**Materials provided**
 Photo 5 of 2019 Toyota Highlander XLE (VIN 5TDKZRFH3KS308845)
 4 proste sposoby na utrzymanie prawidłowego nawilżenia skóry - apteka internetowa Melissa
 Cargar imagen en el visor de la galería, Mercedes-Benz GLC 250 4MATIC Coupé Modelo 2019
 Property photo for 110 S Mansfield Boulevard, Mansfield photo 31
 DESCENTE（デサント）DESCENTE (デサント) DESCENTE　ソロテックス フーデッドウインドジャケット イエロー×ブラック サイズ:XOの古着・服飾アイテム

==

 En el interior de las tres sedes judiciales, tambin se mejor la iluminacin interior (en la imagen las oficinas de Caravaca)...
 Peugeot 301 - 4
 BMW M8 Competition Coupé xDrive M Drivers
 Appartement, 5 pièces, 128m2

...

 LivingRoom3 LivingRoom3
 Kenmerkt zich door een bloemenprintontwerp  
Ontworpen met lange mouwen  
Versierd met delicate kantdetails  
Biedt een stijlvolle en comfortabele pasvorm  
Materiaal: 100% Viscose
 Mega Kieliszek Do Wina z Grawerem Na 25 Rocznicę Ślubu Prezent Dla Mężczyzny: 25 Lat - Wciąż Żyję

**Activity**
Would you please repeat exactly the lines above, starting at the line with "Property photo for" and stopping at the line with "DESCENTE（デサント）DESCENTE (デサント) DESCENTE　ソロテックス", both included?

**Exercise output**
 Property photo for 110 S Mansfield Boulevard, Mansfield photo 31
 DESCENTE（デサント）DESCENTE (デサント) DESCENTE　ソロテックス フーデッドウインドジャケット イエロー×ブラック サイズ:XOの古着・服飾アイテム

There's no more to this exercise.